Farmácia

Farmácia

O homem de meia-idade entrou na farmácia.

"Pois não?" - disse a atendente do balcão, solícita.

"Um tira de paracetamol, uma tira de Dorflex1, uma caixa de ibuprofeno, e uma caixa de nimesulida. Nimesulida é um anti-inflamatório, não?" - o homem exitou um pouco, enquanto fazia seu pedido...

A atendente se dirigiu às prateleiras da farmácia, e de lá trouxe os remédios solicitados.

"Algo mais?" - ela perguntou.

"Uma caixa de Buscopan." - o homem respondeu. Quem sabe além de dores ósseas, ele não estaria sob risco de alguma dor em "tecidos moles".
A atendente voltou às prateleiras, e de lá voltou o novo remédio pedido. "O senhor precisa de algo mais?" - ela perguntou.
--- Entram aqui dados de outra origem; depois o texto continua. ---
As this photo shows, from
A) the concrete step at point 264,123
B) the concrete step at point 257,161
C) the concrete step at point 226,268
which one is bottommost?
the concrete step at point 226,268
"Uma caixa de Tilex." - o homem respondeu de pronto. Este é um remédio capaz de dopar um homem.

"Certo. A receita e a sua identidade, por favor." - a atendente pediu.

"Não tenho." - o homem respondeu.

"Sinto muito, mas este remédio é de uso estritamente controlado. Sem a receita não é possível lhe vender."

"..."

"Algo mais?" - a atendente perguntou, imaginando que aquilo fosse uma pergunta retórica, para concluir a venda dos analgésicos de venda livre.

"Sim. Uma caixa de paroxetina, e uma caixa de fluoxetina. "- o homem pediu.

"O senhor tem a receita?"

"Não" - disse o homem, e pensou que, já que estava pensando em suas dores, por que não levar também algo que aliviasse as dores de sua alma? Mesmo que às vezes algumas dessas substâncias lhe fizessem sentir como um zumbi...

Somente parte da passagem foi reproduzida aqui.